Whatever the case may be, here some of my reflections on three exciting appellations from the northern Médoc. The Médoc, part I thus covers Pauillac, Saint Julien and Saint Estèphe. Part II covers the Moulis, Listrac and Haut Médoc appellations. Part III will cover Margaux. So stay tuned …
Like other parts of the Médoc, properties with higher terroirs, closer to the river and with heat retaining gravel tended to do best in 2017. They had less or zero frost problems and ripened grapes better given the somewhat sunless albeit generally dry summer. More optimally draining soils dealt better with September rains, although nowhere were these rains welcome.

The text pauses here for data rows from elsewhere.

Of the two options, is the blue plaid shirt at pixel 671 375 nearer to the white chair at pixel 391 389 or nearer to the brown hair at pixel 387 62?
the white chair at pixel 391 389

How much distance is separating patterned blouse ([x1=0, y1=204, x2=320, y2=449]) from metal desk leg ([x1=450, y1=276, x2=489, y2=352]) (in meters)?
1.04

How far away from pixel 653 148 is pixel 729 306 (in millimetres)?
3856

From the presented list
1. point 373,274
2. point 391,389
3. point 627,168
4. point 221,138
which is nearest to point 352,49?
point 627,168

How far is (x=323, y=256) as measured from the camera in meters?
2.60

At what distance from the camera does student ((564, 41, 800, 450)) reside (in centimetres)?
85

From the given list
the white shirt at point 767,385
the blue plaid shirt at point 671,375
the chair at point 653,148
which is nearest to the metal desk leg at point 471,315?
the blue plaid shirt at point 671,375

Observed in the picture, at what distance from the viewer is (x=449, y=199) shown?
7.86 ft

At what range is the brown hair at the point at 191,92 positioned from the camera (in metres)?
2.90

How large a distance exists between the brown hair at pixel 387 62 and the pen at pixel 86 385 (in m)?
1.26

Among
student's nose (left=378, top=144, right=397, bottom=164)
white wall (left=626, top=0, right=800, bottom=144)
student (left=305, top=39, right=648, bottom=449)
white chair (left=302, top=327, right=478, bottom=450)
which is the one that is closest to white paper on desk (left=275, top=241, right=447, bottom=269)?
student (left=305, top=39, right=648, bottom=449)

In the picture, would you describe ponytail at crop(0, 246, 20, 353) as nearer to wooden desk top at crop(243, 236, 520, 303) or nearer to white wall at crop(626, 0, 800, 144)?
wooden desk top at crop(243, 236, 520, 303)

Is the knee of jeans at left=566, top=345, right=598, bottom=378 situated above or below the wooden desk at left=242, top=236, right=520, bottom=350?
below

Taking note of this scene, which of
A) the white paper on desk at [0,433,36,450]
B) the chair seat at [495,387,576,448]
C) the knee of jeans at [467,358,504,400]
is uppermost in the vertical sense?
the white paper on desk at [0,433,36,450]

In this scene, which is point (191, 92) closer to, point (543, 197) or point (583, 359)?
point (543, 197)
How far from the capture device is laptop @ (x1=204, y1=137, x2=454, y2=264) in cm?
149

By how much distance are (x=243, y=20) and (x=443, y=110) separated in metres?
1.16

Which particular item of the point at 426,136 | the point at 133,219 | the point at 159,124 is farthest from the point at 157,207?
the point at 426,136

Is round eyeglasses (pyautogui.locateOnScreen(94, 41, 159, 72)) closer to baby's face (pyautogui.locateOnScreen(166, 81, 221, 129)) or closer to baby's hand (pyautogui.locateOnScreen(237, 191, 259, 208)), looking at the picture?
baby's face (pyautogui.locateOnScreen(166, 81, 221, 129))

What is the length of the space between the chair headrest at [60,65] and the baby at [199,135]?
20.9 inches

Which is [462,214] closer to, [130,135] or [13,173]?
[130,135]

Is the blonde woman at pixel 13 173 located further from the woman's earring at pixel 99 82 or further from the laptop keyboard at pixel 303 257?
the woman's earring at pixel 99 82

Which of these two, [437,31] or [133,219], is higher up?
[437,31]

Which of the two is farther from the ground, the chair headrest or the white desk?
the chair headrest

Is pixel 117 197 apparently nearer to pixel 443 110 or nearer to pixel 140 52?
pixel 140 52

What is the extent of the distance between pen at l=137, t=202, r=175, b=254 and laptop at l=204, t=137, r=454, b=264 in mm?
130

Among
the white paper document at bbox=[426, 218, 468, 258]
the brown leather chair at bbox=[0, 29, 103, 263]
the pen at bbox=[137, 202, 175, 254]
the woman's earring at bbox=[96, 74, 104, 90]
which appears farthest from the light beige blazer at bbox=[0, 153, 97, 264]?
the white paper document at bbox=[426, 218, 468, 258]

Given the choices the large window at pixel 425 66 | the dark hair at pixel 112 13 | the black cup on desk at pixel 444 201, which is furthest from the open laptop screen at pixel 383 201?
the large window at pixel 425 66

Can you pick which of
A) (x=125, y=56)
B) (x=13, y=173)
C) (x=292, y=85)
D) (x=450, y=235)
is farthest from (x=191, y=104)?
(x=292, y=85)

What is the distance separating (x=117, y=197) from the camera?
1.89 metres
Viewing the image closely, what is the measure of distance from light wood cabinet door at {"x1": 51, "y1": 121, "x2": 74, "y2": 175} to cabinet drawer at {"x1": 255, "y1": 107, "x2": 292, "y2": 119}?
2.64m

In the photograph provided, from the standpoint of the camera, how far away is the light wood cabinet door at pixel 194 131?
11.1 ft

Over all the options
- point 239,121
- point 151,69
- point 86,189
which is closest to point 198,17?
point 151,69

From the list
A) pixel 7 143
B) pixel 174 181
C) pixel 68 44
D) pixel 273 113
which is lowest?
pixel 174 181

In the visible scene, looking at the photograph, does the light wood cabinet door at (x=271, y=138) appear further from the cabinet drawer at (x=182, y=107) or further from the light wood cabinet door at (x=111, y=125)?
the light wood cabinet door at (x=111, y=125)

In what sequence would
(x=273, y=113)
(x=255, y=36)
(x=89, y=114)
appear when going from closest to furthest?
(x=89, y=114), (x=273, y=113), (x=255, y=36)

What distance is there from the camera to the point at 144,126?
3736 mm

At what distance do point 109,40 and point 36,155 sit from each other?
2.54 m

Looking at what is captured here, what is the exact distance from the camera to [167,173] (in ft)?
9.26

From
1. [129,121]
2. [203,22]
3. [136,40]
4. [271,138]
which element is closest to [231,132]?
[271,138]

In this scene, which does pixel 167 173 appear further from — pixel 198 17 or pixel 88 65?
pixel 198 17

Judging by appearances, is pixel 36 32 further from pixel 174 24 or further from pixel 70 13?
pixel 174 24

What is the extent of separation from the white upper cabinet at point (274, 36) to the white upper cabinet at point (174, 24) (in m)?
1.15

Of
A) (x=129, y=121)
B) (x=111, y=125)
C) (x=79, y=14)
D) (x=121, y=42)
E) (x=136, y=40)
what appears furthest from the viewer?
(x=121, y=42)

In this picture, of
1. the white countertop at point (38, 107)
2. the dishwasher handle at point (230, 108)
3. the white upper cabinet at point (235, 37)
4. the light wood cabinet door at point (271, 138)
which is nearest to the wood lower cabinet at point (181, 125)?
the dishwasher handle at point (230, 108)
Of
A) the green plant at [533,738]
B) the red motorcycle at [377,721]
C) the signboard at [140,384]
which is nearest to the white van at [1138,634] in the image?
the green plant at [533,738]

I did not get to taste three of my favorite Pauillacs (Pichon Baron, Pontet Canet and Grand Puy Lacoste) this time around. I heard that they were all very good, but will catch up later this year, so look for an update.
Meanwhile, it was good to assess the three first growths as well as such celebrated wines as Lynch Bages and Pichon Comtesse, as these two count as top wines from 2017. Although most did not reach the heights of 2016, Pauillac as a whole seems to have performed very well indeed.

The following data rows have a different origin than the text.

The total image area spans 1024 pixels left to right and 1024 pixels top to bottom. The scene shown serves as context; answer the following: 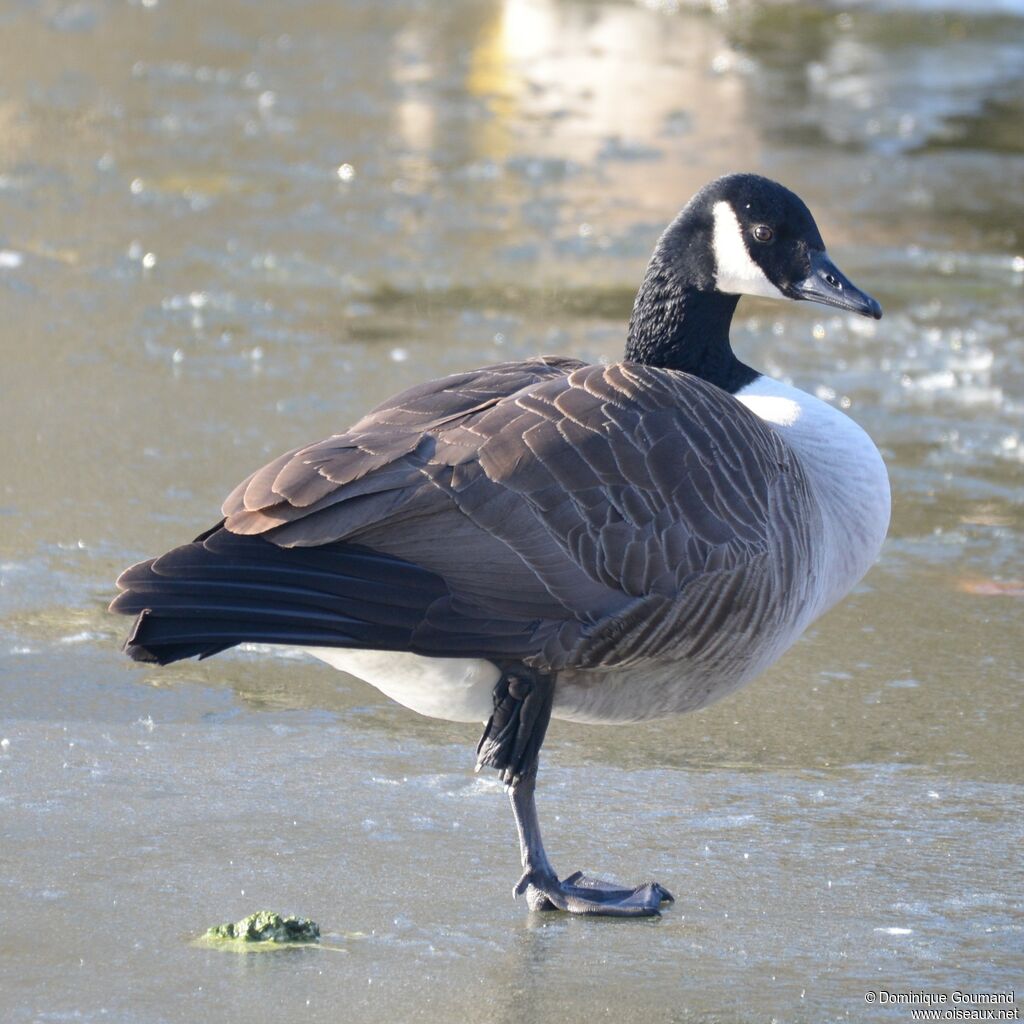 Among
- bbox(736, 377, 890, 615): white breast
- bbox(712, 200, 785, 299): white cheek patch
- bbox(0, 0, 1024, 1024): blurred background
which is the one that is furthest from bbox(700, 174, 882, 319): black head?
bbox(0, 0, 1024, 1024): blurred background

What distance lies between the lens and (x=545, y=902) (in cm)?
326

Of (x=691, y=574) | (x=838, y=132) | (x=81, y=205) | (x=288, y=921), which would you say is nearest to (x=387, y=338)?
(x=81, y=205)

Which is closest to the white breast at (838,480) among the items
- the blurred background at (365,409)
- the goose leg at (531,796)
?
the blurred background at (365,409)

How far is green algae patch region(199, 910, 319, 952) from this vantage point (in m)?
2.98

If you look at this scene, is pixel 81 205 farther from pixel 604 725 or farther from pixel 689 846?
pixel 689 846

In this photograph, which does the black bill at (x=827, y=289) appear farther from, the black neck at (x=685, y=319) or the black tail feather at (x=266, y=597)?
the black tail feather at (x=266, y=597)

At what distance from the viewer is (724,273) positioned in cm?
400

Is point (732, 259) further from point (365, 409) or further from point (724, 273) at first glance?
point (365, 409)

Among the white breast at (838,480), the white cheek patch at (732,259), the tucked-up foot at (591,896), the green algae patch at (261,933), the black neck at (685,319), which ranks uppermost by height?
the white cheek patch at (732,259)

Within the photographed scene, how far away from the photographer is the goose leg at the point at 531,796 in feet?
10.6

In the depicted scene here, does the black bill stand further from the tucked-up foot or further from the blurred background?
the tucked-up foot

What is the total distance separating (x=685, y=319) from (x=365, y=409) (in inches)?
87.1

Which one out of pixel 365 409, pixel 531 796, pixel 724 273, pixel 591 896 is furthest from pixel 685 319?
pixel 365 409

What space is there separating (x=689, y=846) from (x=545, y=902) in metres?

Top Pauillacs that I tasted include Lafite* as number one, followed by Latour, Mouton, Pichon Comtesse and Lynch Bages. As said, I missed the tastings for Pontet Canet, Pichon Baron and GPL, but this will be updated.
Tasting Notes – As usual, if in bold, I liked in particular; if red and bold, even more. If underlined, too? A kind of barrel tasting nirvana ?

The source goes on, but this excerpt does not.